Snapshot returns a snapshot of the job's current metrics.

type NoopHook

type NoopHook struct{}

NoopHook implements JobProgressHook by doing nothing. This is useful for embedding in other structs to overwrite only the methods of the interface that you care about.

func (NoopHook) End

func (NoopHook) EndEnumerating

func (NoopHook) EndEnumerating(JobProgressRef, time.Time)

func (NoopHook) EndUnitChunking

func (NoopHook) EndUnitChunking(JobProgressRef, SourceUnit, time.Time)

func (NoopHook) Finish

func (NoopHook) Finish(JobProgressRef)

func (NoopHook) ReportChunk

func (NoopHook) ReportChunk(JobProgressRef, SourceUnit, *Chunk)

func (NoopHook) ReportError

func (NoopHook) ReportError(JobProgressRef, error)

func (NoopHook) ReportUnit

func (NoopHook) ReportUnit(JobProgressRef, SourceUnit)

func (NoopHook) Start

func (NoopHook) Start(JobProgressRef, time.Time)

func (NoopHook) StartEnumerating

func (NoopHook) StartEnumerating(JobProgressRef, time.Time)

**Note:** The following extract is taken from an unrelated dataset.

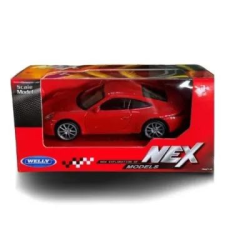 Welly : NEX fém autó - Porsche 911 Carrera S autópálya és játékautó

func (NoopHook) StartUnitChunking

func (NoopHook) StartUnitChunking(JobProgressRef, SourceUnit, time.Time)

type PostmanConfig

type PostmanConfig struct {
	// Workspace UUID(s) or file path(s) to Postman workspace (.zip)
	Workspaces []string
	// Collection ID(s) or file path(s) to Postman collection (.json)
	Collections []string
	// Environment ID(s) or file path(s) to Postman environment (.json)
	Environments []string
	// Token is the token to use to authenticate with the API.
	Token string
	// IncludeCollections is a list of Collections to include in the scan.
	IncludeCollections []string
	// IncludeEnvironment is a list of Environments to include in the scan.
	IncludeEnvironments []string
	// ExcludeCollections is a list of Collections to exclude in the scan.
	ExcludeCollections []string
	// ExcludeEnvironment is a list of Environments to exclude in the scan.
	ExcludeEnvironments []string
	// Concurrency is the number of concurrent workers to use to scan the source.
	Concurrency int
	// CollectionPaths is the list of paths to Postman collections.
	CollectionPaths []string
	// WorkspacePaths is the list of paths to Postman workspaces.
	WorkspacePaths []string
	// EnvironmentPaths is the list of paths to Postman environments.
	EnvironmentPaths []string
	// Filter is the filter to use to scan the source.
	Filter *common.Filter
}

PostmanConfig defines the optional configuration for a Postman source.

type Progress

type Progress struct {
	PercentComplete   int64
	Message           string
	EncodedResumeInfo string
	SectionsCompleted int32
	SectionsRemaining int32
	// contains filtered or unexported fields
}

Progress is used to update job completion progress across sources.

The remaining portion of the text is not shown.